PROVIDED MATERIAL ▸

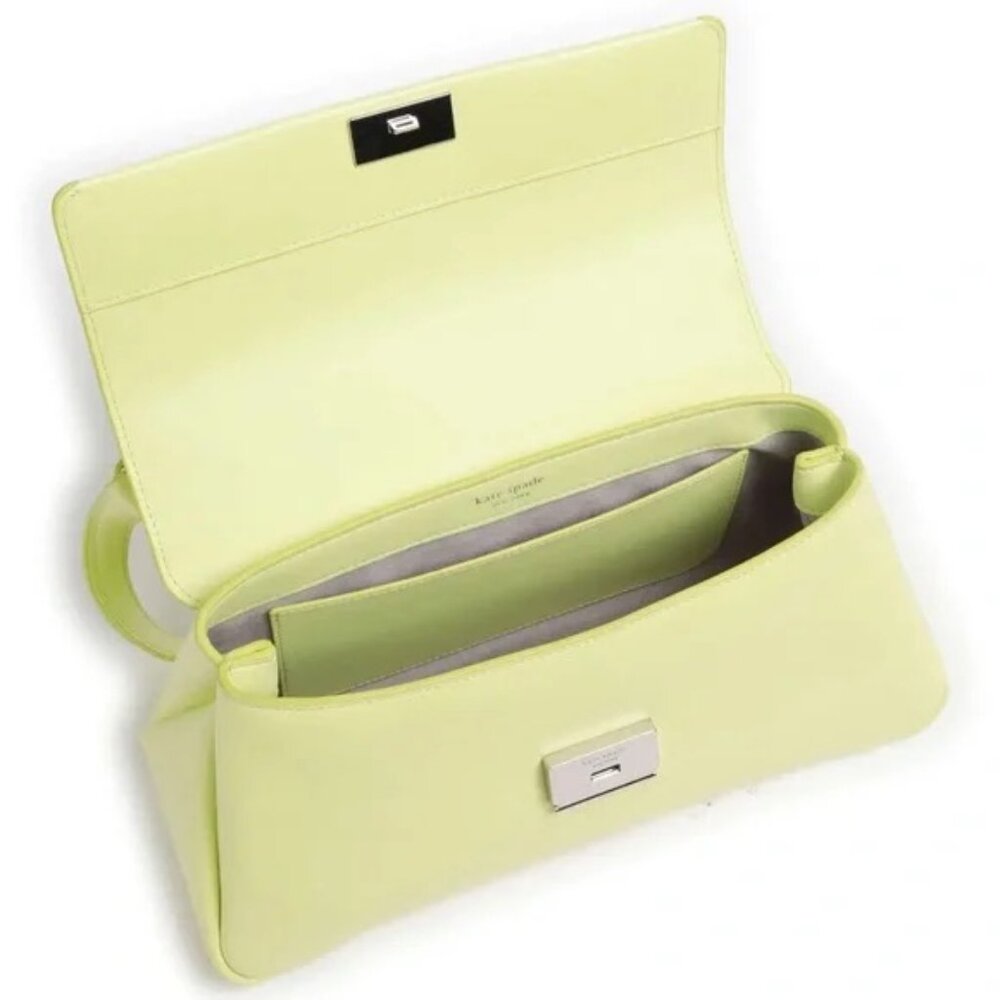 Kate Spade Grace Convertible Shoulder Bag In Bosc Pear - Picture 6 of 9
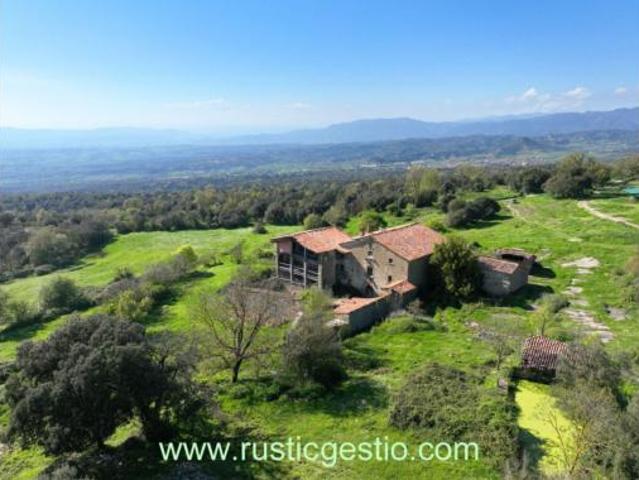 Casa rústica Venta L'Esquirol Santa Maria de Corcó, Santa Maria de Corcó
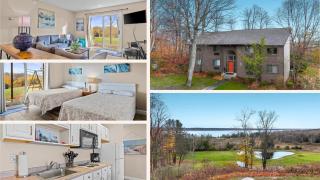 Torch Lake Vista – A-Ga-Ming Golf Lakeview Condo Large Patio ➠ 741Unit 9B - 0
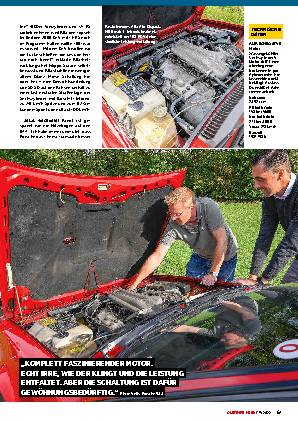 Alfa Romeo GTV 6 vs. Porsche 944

WHAT YOU SHOULD DO ▸
Only the lines from the line with "Torch Lake Vista" through the closing line of the data, both included, should be set down, exactly as written and without pictures.

RESULT ▸
 Torch Lake Vista – A-Ga-Ming Golf Lakeview Condo Large Patio ➠ 741Unit 9B - 0
 Alfa Romeo GTV 6 vs. Porsche 944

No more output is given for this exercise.